-------- INFORMATION SUPPLIED

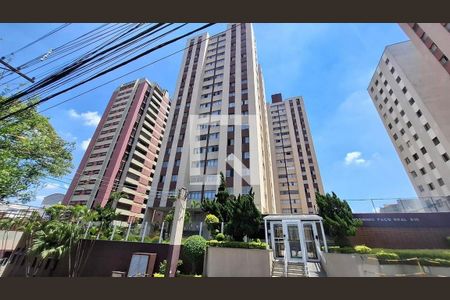 Apartamento para alugar com 98m², 3 quartos e 1 vagaFachada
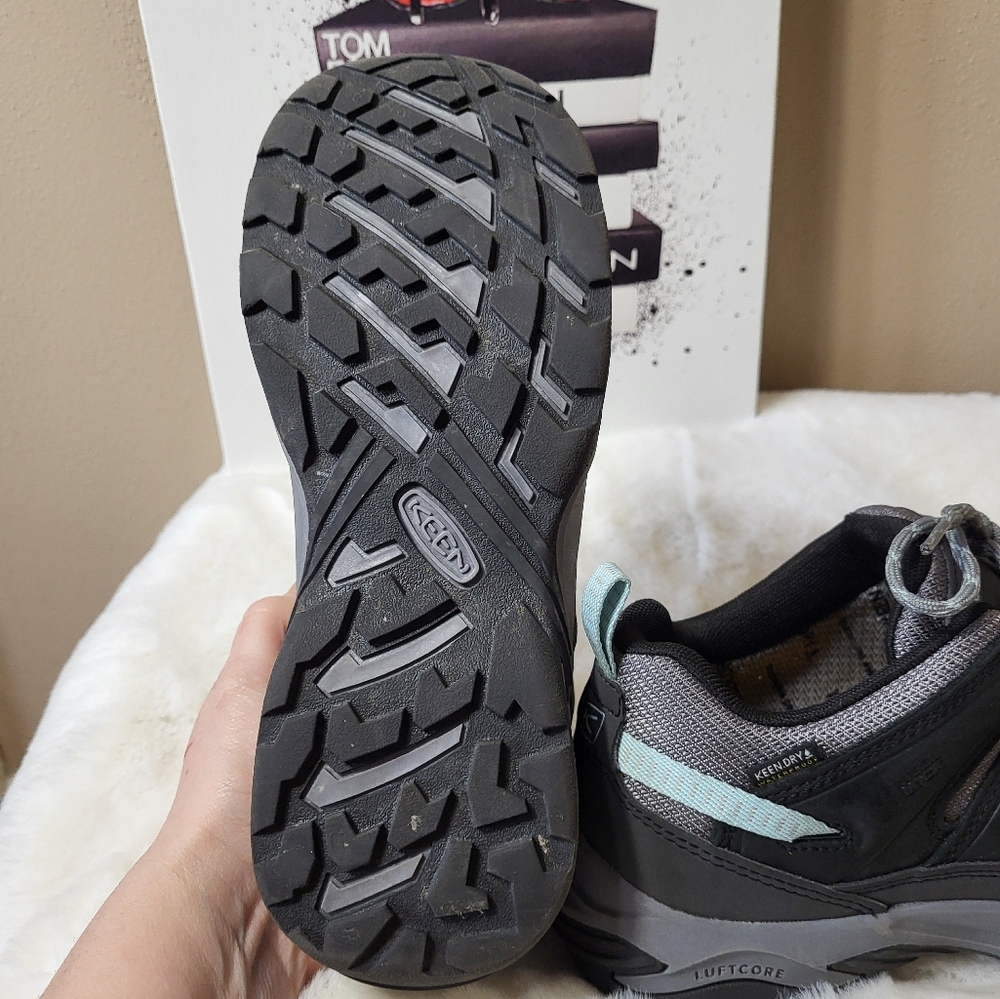 Keen Women's Waterproof Circadia Boots Sz 9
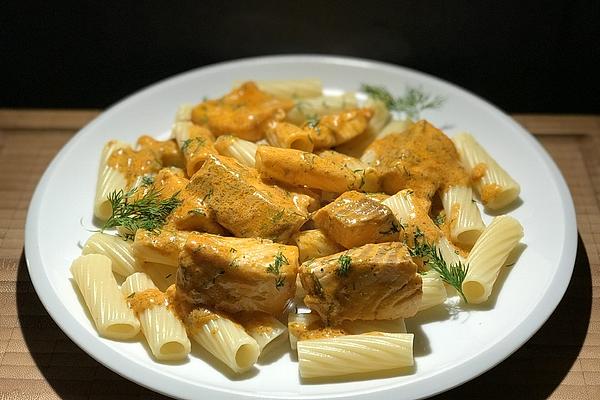 Rigatoni with Salmon Cream Sauce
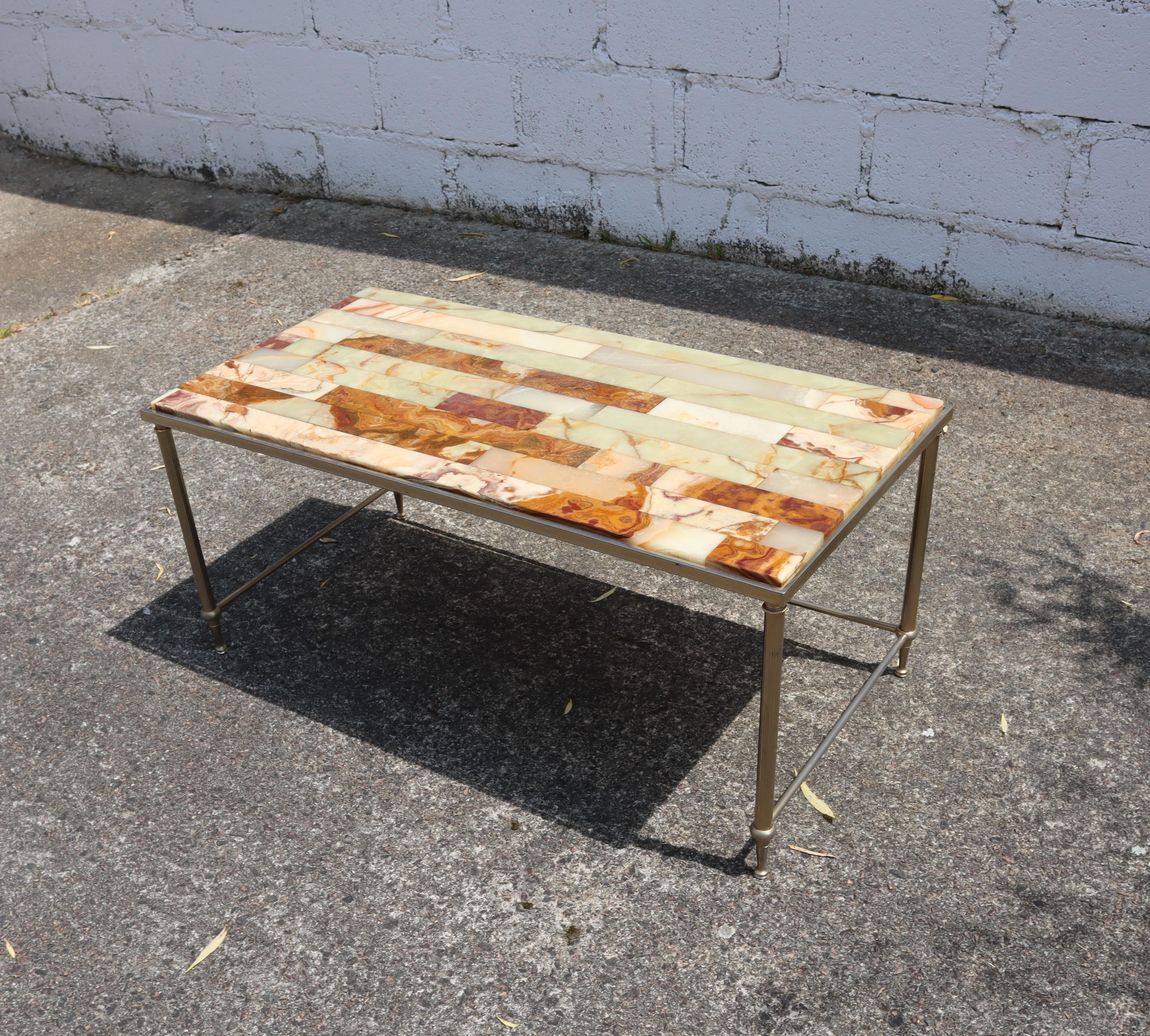 By Vintage Set of 1 Onyx  Table basse et 2 tables d'appoint - Maison Jansen Style-70 en vente 4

----------------

• [REQUIRED WORK]: Produce a word-for-word version of the material, with no pictures included.

• [TASK SOLUTION]:
 Apartamento para alugar com 98m², 3 quartos e 1 vagaFachada
 Keen Women's Waterproof Circadia Boots Sz 9
 Rigatoni with Salmon Cream Sauce
 By Vintage Set of 1 Onyx  Table basse et 2 tables d'appoint - Maison Jansen Style-70 en vente 4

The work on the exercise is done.